[MATERIAL PROVIDED Boundary: Start]
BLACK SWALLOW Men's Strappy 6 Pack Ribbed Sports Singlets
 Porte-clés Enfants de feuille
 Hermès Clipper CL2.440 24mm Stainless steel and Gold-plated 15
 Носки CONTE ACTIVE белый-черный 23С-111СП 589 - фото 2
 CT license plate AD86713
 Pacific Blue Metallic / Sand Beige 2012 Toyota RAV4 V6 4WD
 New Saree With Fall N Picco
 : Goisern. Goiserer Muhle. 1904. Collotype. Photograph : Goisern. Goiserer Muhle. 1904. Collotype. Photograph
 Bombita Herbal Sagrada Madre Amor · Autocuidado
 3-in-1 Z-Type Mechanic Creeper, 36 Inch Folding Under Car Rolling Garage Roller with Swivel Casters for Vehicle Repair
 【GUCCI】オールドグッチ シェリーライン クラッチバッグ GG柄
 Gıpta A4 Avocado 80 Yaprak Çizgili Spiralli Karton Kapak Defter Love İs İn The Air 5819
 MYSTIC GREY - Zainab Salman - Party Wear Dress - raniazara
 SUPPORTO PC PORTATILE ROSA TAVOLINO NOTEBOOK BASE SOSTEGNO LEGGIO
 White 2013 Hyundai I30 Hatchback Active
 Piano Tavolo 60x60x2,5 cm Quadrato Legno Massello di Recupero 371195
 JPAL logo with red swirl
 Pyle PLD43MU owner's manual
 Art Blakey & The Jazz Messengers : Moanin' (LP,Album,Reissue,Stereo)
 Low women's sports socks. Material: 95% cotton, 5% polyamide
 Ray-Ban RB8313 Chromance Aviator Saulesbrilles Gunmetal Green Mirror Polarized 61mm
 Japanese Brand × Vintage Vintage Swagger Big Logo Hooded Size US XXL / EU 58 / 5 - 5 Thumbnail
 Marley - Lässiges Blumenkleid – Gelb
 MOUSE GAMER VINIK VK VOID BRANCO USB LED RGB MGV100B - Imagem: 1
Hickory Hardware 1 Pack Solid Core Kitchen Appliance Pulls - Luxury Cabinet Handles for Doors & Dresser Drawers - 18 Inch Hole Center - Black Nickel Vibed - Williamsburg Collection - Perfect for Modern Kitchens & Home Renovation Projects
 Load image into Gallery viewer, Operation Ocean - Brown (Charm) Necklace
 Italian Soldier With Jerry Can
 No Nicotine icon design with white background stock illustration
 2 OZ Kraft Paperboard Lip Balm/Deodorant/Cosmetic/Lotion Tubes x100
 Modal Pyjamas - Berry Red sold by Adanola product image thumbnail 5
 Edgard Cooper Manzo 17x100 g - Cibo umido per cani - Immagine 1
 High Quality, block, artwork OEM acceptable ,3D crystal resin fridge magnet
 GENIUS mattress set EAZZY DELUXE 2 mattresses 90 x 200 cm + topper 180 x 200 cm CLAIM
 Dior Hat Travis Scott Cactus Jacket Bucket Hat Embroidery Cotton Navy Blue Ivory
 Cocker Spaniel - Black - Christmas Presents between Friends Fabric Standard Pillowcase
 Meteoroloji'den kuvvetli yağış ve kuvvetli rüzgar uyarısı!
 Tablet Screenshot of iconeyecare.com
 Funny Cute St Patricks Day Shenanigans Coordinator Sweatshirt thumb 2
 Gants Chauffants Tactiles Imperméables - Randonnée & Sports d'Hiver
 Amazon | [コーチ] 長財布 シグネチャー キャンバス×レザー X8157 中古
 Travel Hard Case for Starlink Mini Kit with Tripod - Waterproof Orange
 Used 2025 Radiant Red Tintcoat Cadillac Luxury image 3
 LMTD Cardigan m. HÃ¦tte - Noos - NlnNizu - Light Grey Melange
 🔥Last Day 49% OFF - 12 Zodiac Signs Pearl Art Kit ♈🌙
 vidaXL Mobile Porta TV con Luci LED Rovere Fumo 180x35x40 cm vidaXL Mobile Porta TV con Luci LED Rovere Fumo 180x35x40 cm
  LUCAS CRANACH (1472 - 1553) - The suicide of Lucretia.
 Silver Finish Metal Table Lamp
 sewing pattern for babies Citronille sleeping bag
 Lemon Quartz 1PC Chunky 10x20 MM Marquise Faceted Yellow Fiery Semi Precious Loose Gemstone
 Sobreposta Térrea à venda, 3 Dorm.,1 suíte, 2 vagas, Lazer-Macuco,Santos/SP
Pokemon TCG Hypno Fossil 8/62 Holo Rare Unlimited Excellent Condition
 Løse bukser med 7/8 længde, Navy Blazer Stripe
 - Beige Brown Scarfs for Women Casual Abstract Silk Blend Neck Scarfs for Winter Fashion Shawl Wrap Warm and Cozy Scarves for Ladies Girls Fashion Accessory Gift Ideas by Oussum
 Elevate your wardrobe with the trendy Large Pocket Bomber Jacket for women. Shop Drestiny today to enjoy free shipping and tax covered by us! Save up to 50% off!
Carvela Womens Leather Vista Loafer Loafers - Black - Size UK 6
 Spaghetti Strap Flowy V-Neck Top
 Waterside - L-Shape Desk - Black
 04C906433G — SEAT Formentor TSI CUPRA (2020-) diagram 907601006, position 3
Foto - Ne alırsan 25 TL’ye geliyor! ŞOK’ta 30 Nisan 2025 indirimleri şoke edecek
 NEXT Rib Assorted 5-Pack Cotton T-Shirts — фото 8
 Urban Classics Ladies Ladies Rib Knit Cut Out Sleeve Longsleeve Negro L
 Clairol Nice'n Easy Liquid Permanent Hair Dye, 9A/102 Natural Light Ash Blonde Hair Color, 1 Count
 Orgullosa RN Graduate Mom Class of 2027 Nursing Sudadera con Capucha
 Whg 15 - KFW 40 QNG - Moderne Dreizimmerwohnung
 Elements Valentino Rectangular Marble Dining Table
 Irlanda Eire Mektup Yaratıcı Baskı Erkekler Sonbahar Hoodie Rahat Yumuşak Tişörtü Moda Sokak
[MATERIAL PROVIDED Boundary: End]
> **GOAL OF THE EXERCISE**: Identify the lines of the entries containing the string "Jacket". Copy each such line.

> **ANSWER AREA**:
 Dior Hat Travis Scott Cactus Jacket Bucket Hat Embroidery Cotton Navy Blue Ivory
 Elevate your wardrobe with the trendy Large Pocket Bomber Jacket for women. Shop Drestiny today to enjoy free shipping and tax covered by us! Save up to 50% off!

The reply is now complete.